Sunday, February 3, 2013

Review of 'HOGFATHER'




In far distant space is a planet shaped like a flat circle. It rests on the backs of four elephants that stand on the shell of a massive tortoise that swims through space (presumably near a star). This is discworld, the creation of Terry Pratchett, who has written more than thirty novels about this strange place.  Life on discworld is similar, but not quite the same as on Earth. The Hogfather is a typical example. Every year, on Hogswatch eve, this jolly, red-suited man with a snout and tusks like a hog travels in a sleigh drawn by four flying boars to deliver presents throughout the world.

Other characters in the story include:

Auditors, ghost-like creatures who want to kill Hogfather.

Mr. Teatime (four syllables, please, or he gets upset), the professional assassin hired for the job.

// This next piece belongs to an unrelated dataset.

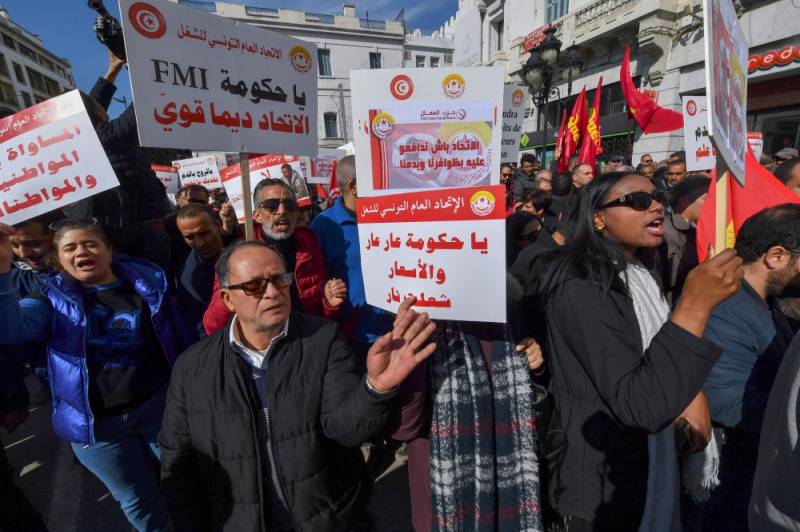 Senegal police release activists and MP arrested at Tunisia embassy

Teatime sounds like a psychopathic version of Johnny Depp's benignly schizophrenic Willy Wonka.

Death, a pleasant and courteous skeleton with bright blue pinprick eyes who is trying to save Hogfather because if people don't believe in Hogfather, the sun won't rise the next morning. Death dresses up as Hogfather with a red suit, but he has difficulty with the ho-ho-ho's and can't understand why rich children get more toys than poor ones.

Susan, Death's adopted granddaughter. Though adopted, she still has some of grandpop's traits. She does not suffer fools gladly.

The Tooth Fairy, actually a whole franchise of young women who take teeth and leave money. The real Tooth Fairy is the reformed bogeyman.

Bilious, the god of hangovers, in a Roman toga.

The verrucas gnome, the hair-loss god, and various other minor deities.
           
As for plot, let me just say it's complicated and doesn't always make sense. The music is appropriately funny and sinister in turn. Towards the end, the movie slows and gets a bit preachy, but it isn't too bad.

Like other films reviewed here, Hogfather is not for everyone. If you aren't familiar with Terry Pratchet and if you like satire, this movie is a good introduction to the Discworld. I rate it ++++.  It gets my pulse up as much as a run. If you see it, let me know what you think.